- [The problem]:
Return exactly those lines of the material below that fall between the line holding "Como: Wine Tasting" and the line holding "2015 Nissan Terrano", inclusive.

- [Data for review]:
+--

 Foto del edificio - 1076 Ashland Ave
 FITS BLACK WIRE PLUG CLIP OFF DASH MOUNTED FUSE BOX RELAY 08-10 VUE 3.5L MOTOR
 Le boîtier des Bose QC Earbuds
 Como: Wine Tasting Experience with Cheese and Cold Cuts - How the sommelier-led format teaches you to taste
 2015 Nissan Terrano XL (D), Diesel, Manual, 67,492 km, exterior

+--

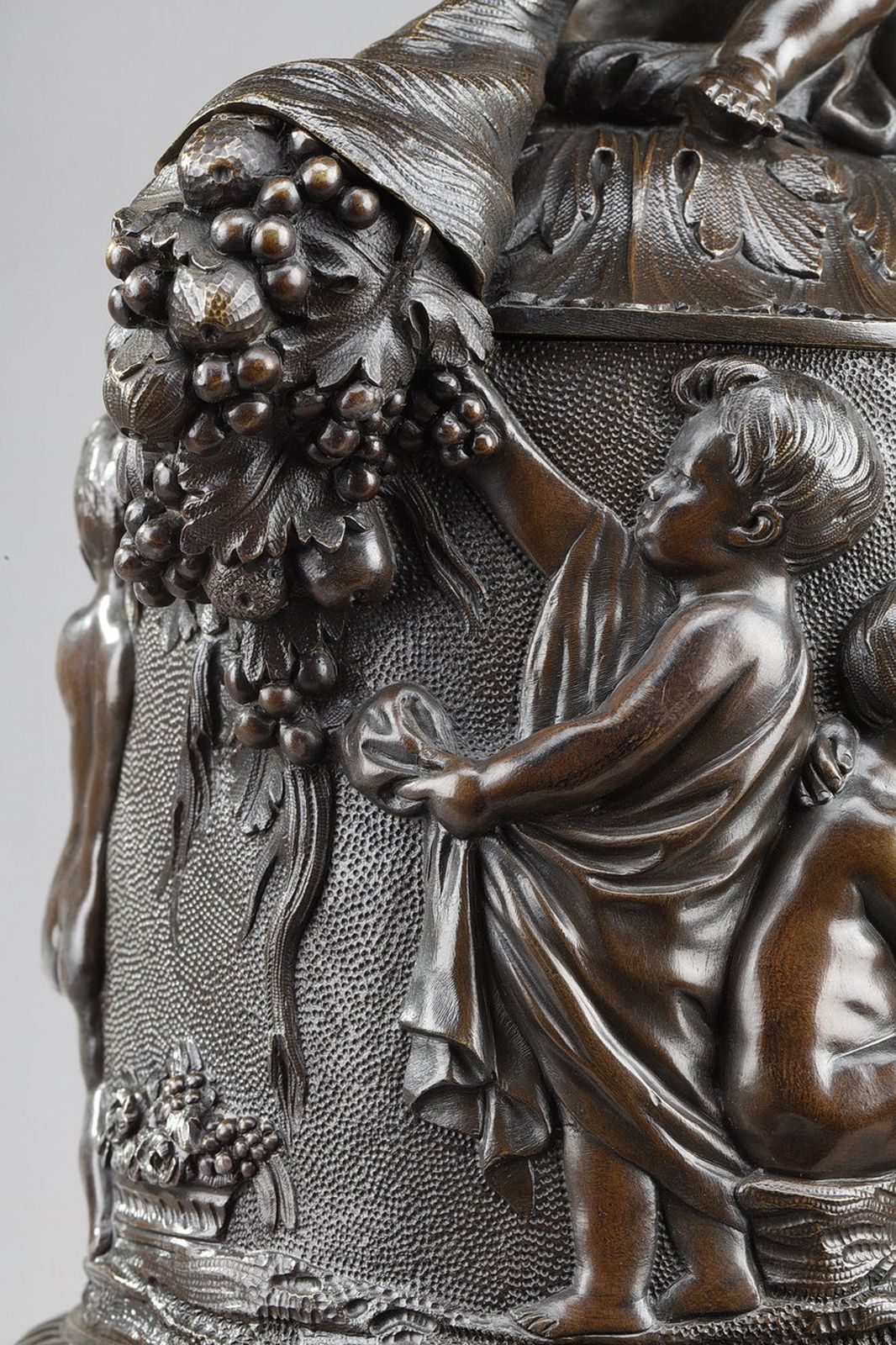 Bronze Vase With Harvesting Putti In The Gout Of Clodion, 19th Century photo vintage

+--

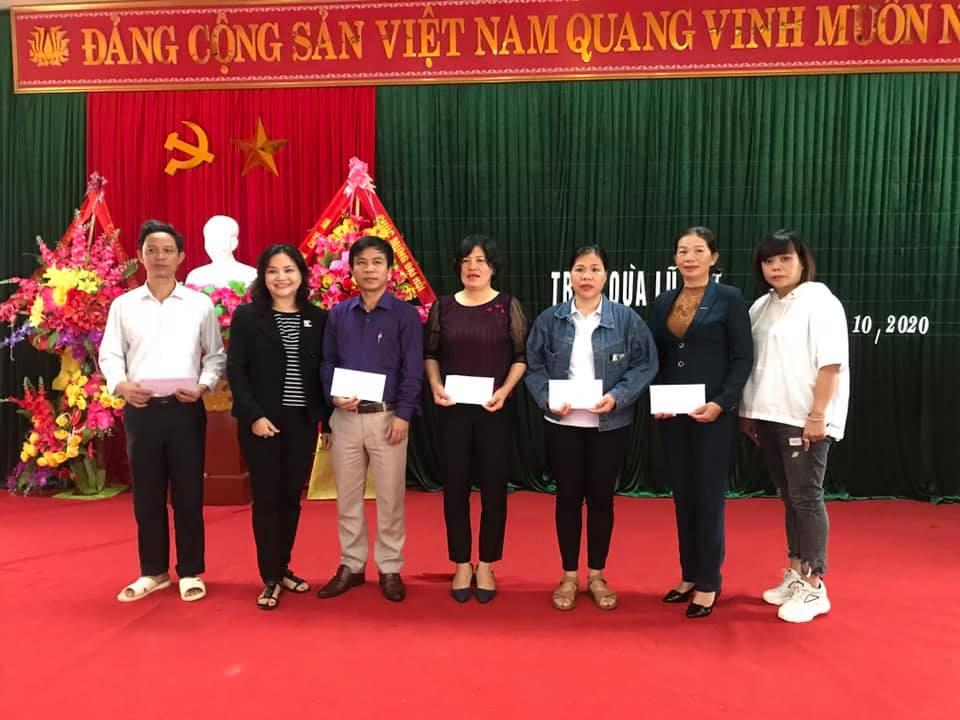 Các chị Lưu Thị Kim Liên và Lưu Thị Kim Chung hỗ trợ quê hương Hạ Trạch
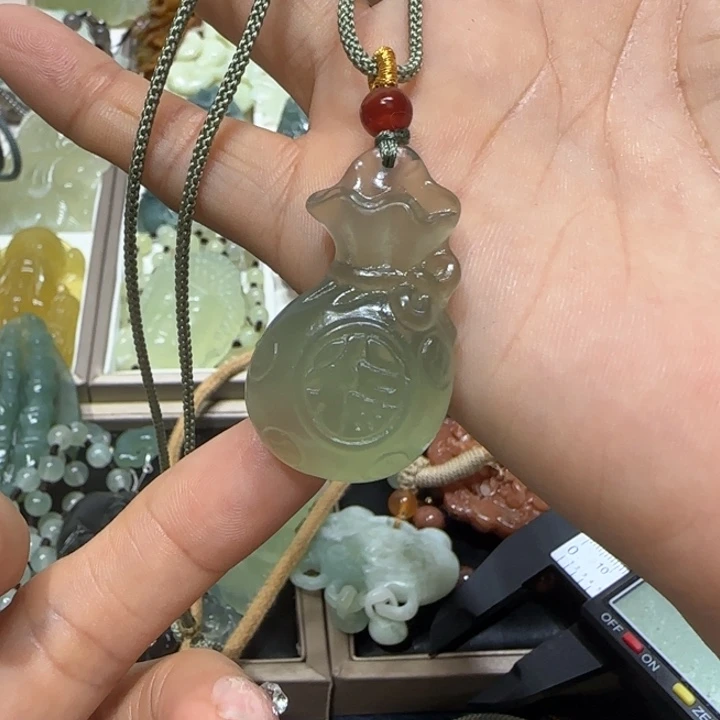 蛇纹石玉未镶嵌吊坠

+--

- [Result below]:
 Como: Wine Tasting Experience with Cheese and Cold Cuts - How the sommelier-led format teaches you to taste
 2015 Nissan Terrano XL (D), Diesel, Manual, 67,492 km, exterior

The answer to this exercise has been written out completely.